Al día siguiente, al despertarse aún bajo los efectos de la resaca, su severo padre pidió que le mostrara su certificado de estudios, pero no logró encontrarlo, por lo que tuvo que solicitar una copia al director de la escuela. Al presentarse ante el director pasó la vergüenza más grande de toda su juventud, ya que este le devolvió el certificado extraviado, pero visiblemente manchado de excrementos; un granjero lo había encontrado junto a un camino y lo había entregado en el colegio. En ese momento, Hitler recordó que de regreso a su casa había sentido una necesidad irrefrenable, utilizando su certificado de estudios como higiénico colofón. A partir de ese traumático episodio, se produjo el divorcio entre Hitler y el alcohol.

El Führer solía beber agua mineral con gas Fachingen o Apollinaris[36]. Su obsesión por la pureza del agua que consumía la pagaría muy cara un asistente de Hitler llamado Karl Krause.

Durante una visita del Führer al frente polaco, en septiembre de 1939, el dictador notó que el vaso de agua que este le ofrecía tenía un sabor extraño. Krause confesó que, al haberse terminado el agua que llevaban embotellada, había obtenido agua de una fuente, sin verificar previamente que no estuviera contaminada o incluso envenenada. Krause fue despedido como asistente y enviado a la Marina de guerra.

De todos modos, aunque está muy extendida la idea de que Hitler era totalmente abstemio, esto es falso. No era raro que se tomase una cerveza; en este caso, bebía una que se elaboraba especialmente para él en la localidad de Holzkirch, próxima a Munich, que tenía escasamente dos grados de contenido alcohólico.

En ocasiones, Hitler se hacía servir un pequeño vaso de Fernet Branca —un licor amargo de origen italiano, elaborado con hierbas maceradas— después de las comidas, como digestivo. De todos modos, su escolta Rochus Misch revela en sus memorias que un asistente del dictador le hizo depositario de un secreto; Hitler tenía siempre en su alcoba una minúscula botella de esa bebida y, lo que es más curioso, que el Führer tomaba un vaso de Fernet Branca antes de pronunciar determinados discursos, en los que necesitaba desplegar una especial energía.

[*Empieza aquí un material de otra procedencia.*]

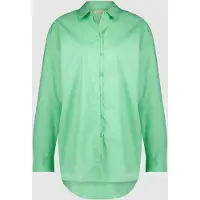 Circle of trust Harper Blouse Cactus Green Talla: S | Camisas Outlet | Mujer | Verde
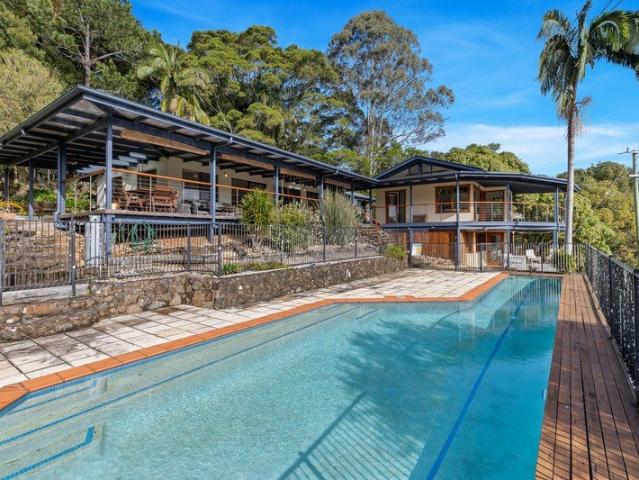 House for sale in Bangalow, New South Wales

Además de Fernet Branca, Hitler podía tomar de vez en cuando una copa de Boonenkamp, un licor estomacal, o de otra bebida alcohólica tradicional del sur de Alemania llamada Krotzbeere. Cuando decía hallarse resfriado, echaba un poco de coñac en el té.

En cuanto al vino, Hitler no mostraba el más mínimo interés por él. Las escasas ocasiones en las que tomaba un vaso de vino lo hacía diluyéndolo con agua o añadiéndole azúcar. Curiosamente, en la residencia alpina de Hitler, en Berchtesgaden, existía una de las mejores bodegas que se hayan reunido a lo largo de la historia. La bodega no se encontraba en su enorme y sombría casa, el Berghof, sino en el sótano de una pequeña fortaleza construida en la cumbre de una montaña de casi 3.000 metros de altura, el Adlerhorst o Nido del Aguila.

La insaciable rapiña nazi en las regiones vinícolas de Francia había proporcionado a Hitler medio millón de botellas de los caldos más exquisitos, que se encontraban allí almacenadas, en cajas de madera o estanterías de hierro. No faltaba el producto de las cosechas más legendarias de todas las grandes marcas.

Además, en un rincón de la bodega había sitio para algunas botellas del mejor oporto e incluso coñacs del siglo XIX.

Naturalmente, Hitler no prestaba ningún tipo de atención a este botín, al contrario de otros jerarcas del Tercer Reich, como Hermann Goering, que degustaban estos vinos excelentes y disfrutaban ofreciéndolos pomposamente a los visitantes para impresionarles.

Para el Führer, el vino no era más que "una especie de vinagre". Aún así, en un momento de debilidad del dictador, su fotógrafo personal, Heinrich Hoffmann —cuya afición al alcohol era desmedida—, consiguió convencerle de que un vaso de buen vino le ayudaría a conciliar el sueño, puesto que Hitler padecía de insomnio.

Al final, el líder nazi accedió a probar uno de los vinos de su extensa bodega, escogido por el propio Hoffmann. Para sorpresa del fotógrafo, Hitler vació el vino en dos tragos y, chasqueando satisfecho la lengua, exclamó: "¡Por Júpiter! ¡Este vino es excelente!". Esa noche el Führer durmió plácidamente.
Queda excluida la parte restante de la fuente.